Un art du cheminement
A plusieurs reprises, conclut Christian Jacob, l’humanité a dû faire face à des tsunamis d’informations : au temps de la bibliothèque d’Alexandrie, de la découverte du Nouveau Monde, de la diffusion du livre imprimé, de l’ambition des Lumières.. A chaque fois, l’humanité a tenté de trouver des réponses pour apaiser ses angoisses : cartographie des textes, classification en genres, index, bibliographies, rassemblement et formalisation des savoirs par l’Encyclopédie… De même aujourd’hui, il s’agit d’apprendre à se repérer, à construire ses cheminements, digressifs ou focalisés.
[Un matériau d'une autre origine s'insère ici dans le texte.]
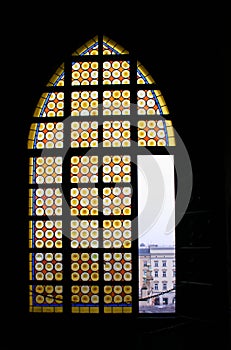 View threw a Stained Glass Window to an Old City in Krakow, Poland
Tous les élèves sont désormais nomades, voyageurs, braconniers.
Le numérique est un « art du cheminement : il faut savoir relier ou délier, maîtriser les bifurcations, connaître les lieux où on se trouve… Autrement dit, apprendre le savoir-faire du cartographe (situer les lieux les uns par rapport aux autres, par exemple repérer ce qui les lie, culturellement, politiquement, économiquement) et acquérir les compétences du géologue (connaître la nature du terrain, par exemple observer l’historique des modifications d’un article de Wikipedia). L’aptitude à comparer, mais aussi le sens critique des élèves doivent être impérativement développés : on peut, suggère Christian Jacob, travailler sur les falsifications volontaires de l’histoire, comme le négationnisme, ou encore la tentative d’effacer de nos mémoires l’importance de la culture arabe dans la civilisation occidentale
L’enjeu est de parvenir à « une nouvelle forme d’humanisme », où l’on s’adonne à « l’ivresse de la curiosité tout en gardant la maîtrise du labyrinthe ». Le défi est de « donner aux apprenants les moyens de tracer leurs propres cartes. »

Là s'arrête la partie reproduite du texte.